Then his ears were ringing like he was listening to a seashell. His whole world seemed fuzzy and out of sorts. Elena didn't look at him the entire drive home. Honestly, he wasn't sure if she looked at him again the rest of the weekend. She'd just completed her required few days' rest her doctor had ordered, then she got dressed like it was any other day, and they never said another word about what had happened.
She'd turned to look at him that morning before she left for the hospital. Her eyes were too bright, and the muscles in her shoulders seemed stiff. Just as she'd opened her mouth to finally say something, he'd turned away from her.
God, he'd do anything to have that moment to do over again.
That's when he knew this wasn't a dream or a nightmare. Because either way, he'd have gone over to her right then, gathered her up in his arms, and they'd have cried together for what they'd lost.
The clock kept ticking—a monotonous sound when it was the only noise in the room. Sure, he and Ric weren't the only pair waiting. Somewhere, hospital staff members were doing an excellent job keeping the press away. They were here; he'd seen on his single excursion out of this room during the last five hours. For now, it seemed to be just them and the clock. Waiting. Noticing every single second as it passed.
Waiting turned to numbness. Numbness was a feeling he'd experienced more than enough of over the past few months.

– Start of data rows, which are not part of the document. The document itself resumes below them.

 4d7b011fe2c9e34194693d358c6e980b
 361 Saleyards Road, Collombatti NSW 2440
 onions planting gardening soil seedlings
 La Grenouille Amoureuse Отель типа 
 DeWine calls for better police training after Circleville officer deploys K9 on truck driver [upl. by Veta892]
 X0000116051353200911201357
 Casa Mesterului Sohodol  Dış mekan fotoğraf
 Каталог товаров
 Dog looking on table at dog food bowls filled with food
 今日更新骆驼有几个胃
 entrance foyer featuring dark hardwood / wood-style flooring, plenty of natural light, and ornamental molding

He'd gotten to where he didn't even mind it anymore. Numbness was better than pain.
Or at least he thought it was.
Seconds turned to minutes. Minutes slid into hours. One hospital volunteer left. Another took her place. A surgeon came to the doorway, but he wasn't there for Ric. No one came for him—not even to give updates.
After more hours than he cared to count, they were the only people in the room. At that point, they didn't even hear the shuffles of people trying to be quiet or the squeaks of others waiting's chairs. The near silence, punctuated only by the clock, the quiet was deafening.
"You awake?" Ric poked him in the arm. Damon had been so lost in his thoughts, he hadn't noticed Ric coming to sit next to him.
"Yeah. Just…thinking." Damon thought that was the safest answer. "How's Bryce? You find out anything?"
Ric pursed his lips and gave a faint shake of his head. "Not much. Just that he's in surgery. They said not to worry. Best surgeon around was working on him." He leaned forward, held his head in his hands, and began to massage his temples. "I can't find Jo or Elena. Gotta feel sorry for the surgeon with those two lurking in the OR."
"I wouldn't cross either of them." Damon stood and stretched his back. He reached for the cup of coffee the volunteer had prepared hours earlier. Cold coffee swirled in the Styrofoam cup. It was better than nothing. He finished the drink in three swallows.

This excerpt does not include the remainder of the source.